Home-flipping profit margins fell to their lowest point in nearly a decade as of third-quarter 2021, according to Attom Data Solutions’ newest U.S. Home Flipping Report.
From July through September, 94,766 single-family houses and condominiums across the country were flipped, a number that constituted 5.7% of all home sales — one in every 18 deals — during this time frame.
That’s up from a share of 5.1% during second-quarter 2021 and up from 5.2% in third-quarter 2020. It marked the second straight period of quarterly growth after a year of declining activity, signaling the continuation of a rebound after the COVID-19 crisis helped to accelerate a decline in home-flipping activities. Indeed, in terms of raw numbers, the number of homes flipped was the most seen in the market since second-quarter 2006.
While home-flip activities grew, however, profit margins dipped for the fourth consecutive quarter. The gross profit on the typical transaction — the difference between the median post-flip sales price of the property and the median price originally paid by the investor — was $68,847 in the third quarter, up 2.7% from Q2 2021 and a backtrack of 1.6% from Q3 2020. But with prices for flipped homes rising more slowly than when investors initially purchased the properties, this translated to a return on investment (ROI) of 32.3%, down from 33.2% in Q2 2021 and well below the 43.8% figure in Q3 2020. ROI sank to its lowest level since Q1 2011.

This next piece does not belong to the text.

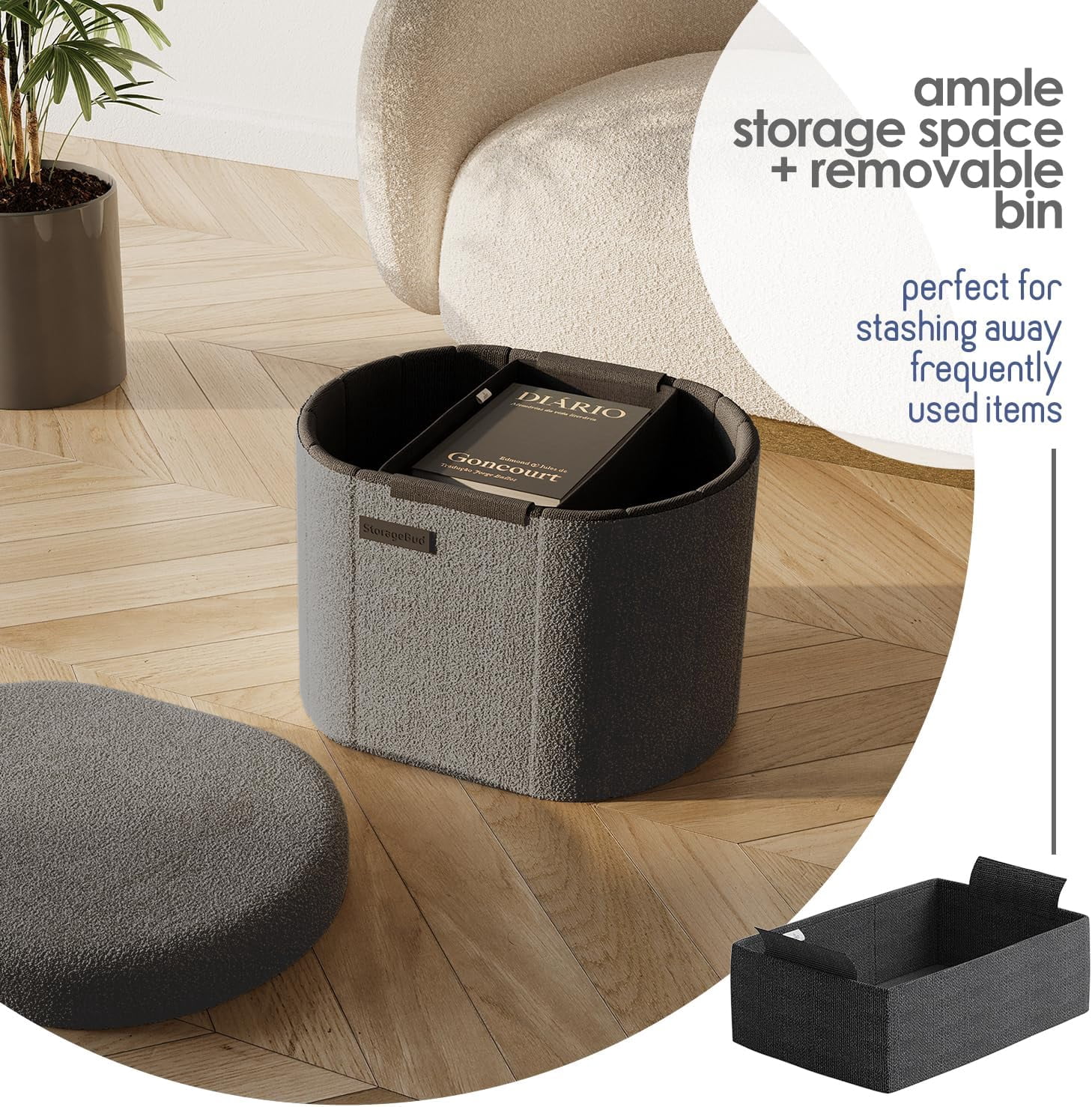 Round Ottoman with Storage for Living Room, 18 Inch Storage Ottoman, Small Ottomans Foot , Boucle Foot Stool Ottomans  330lbs,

Moreover, the annualized plunge in ROI of 11.5 percentage points was the largest yearly drop since 2009. Profit margins fell on a quarterly basis in 92 of 195 metros (47%) with enough data for Attom to evaluate. The largest declines were in Fargo, North Dakota (down 89.3% from Q2); Trenton, New Jersey (down 72.6%); and Oklahoma City (down 64.5%).
“Home flipping produced another round of competing trends in the third quarter of this year as more investors got in on the action but got less out of it,” said Todd Teta, Attom Data’s chief product officer. “It’s clear that declining fortunes weren’t enough to repel investors amid a typical scenario of 32% profits before expenses on deals that usually take an average of five months to complete.
“We will see over the coming months whether the amount they can make on these quick turnarounds will still be enough to keep luring them into the home-flipping business or start pushing them elsewhere.”